There was collective recognition that education and training must evolve to meet the changing needs of the industry.

And that compelling incentives and demonstrating career progression opportunities will be critical to attracting and retaining talent for the long-term.

To enable the transition from seafarer to e-farer, objective and rigorous research is required to identify training gaps.

The importance of cross-industry collaboration was also highlighted, with the need to increase the dialogue between industry and regulators.

As with previous conferences, a session was held for young shipping executives, titled “Register your voice”, with an interactive, capacity-building and problem-solving session organised in collaboration with Young Ship Cyprus for young shipping professionals.

The session took place for the seventh time, attracting over 200 attendees.

Young executives (under 40 years of age) were presented with challenging topics ahead of the event which they discussed in groups with industry mentors.

The session aimed to provide young people with a platform to discuss their vision for the maritime industry, blue growth goals, career prospects and concerns, and to determine potential solutions to challenging issues.

The groups discussed topics from “The top 5 motivators and demotivated in maritime careers” and “Is top management too distant? How to bridge the gap” to “How to change perceptions: Shipping is dirty and old vs aviation is modern and clean”.
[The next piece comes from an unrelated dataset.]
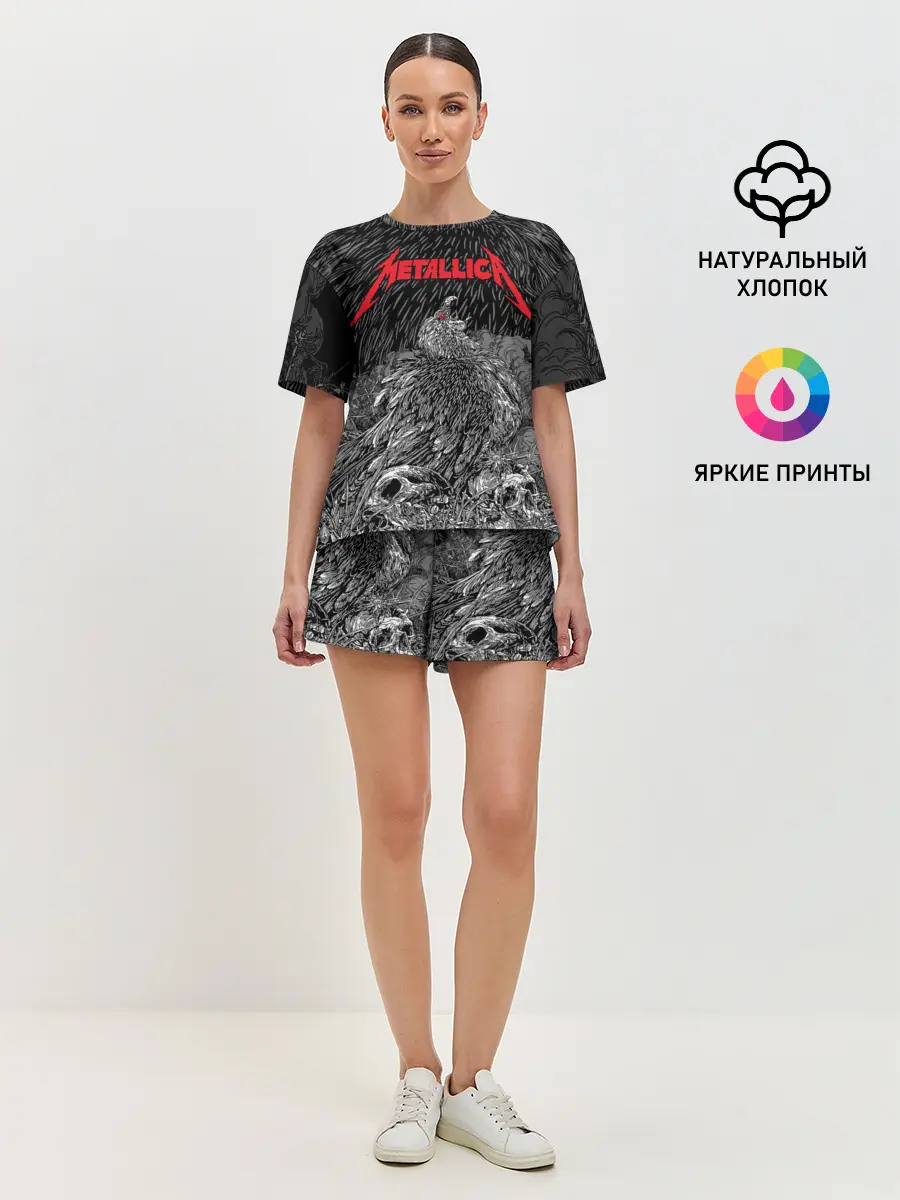 Женская пижама с шортами / Metallica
The groups then provided short presentations, sharing their ideas on potential solutions for challenges in the industry including encouraging mentoring programmes, introducing company networking events to increase motivation and encourage collaboration.

It was noted that the younger generation needs to learn from the older generations and be open-minded as well as trying to develop and innovate within the industry.

The moderators of the discussion were Despina Panayiotou-Theodosiou, President of Women’s International Shipping and Trading Association (WISTA) International and CEO at Tototheo Maritime, and Ilias Bissias, Director at Naftika Chronika magazine of Greece.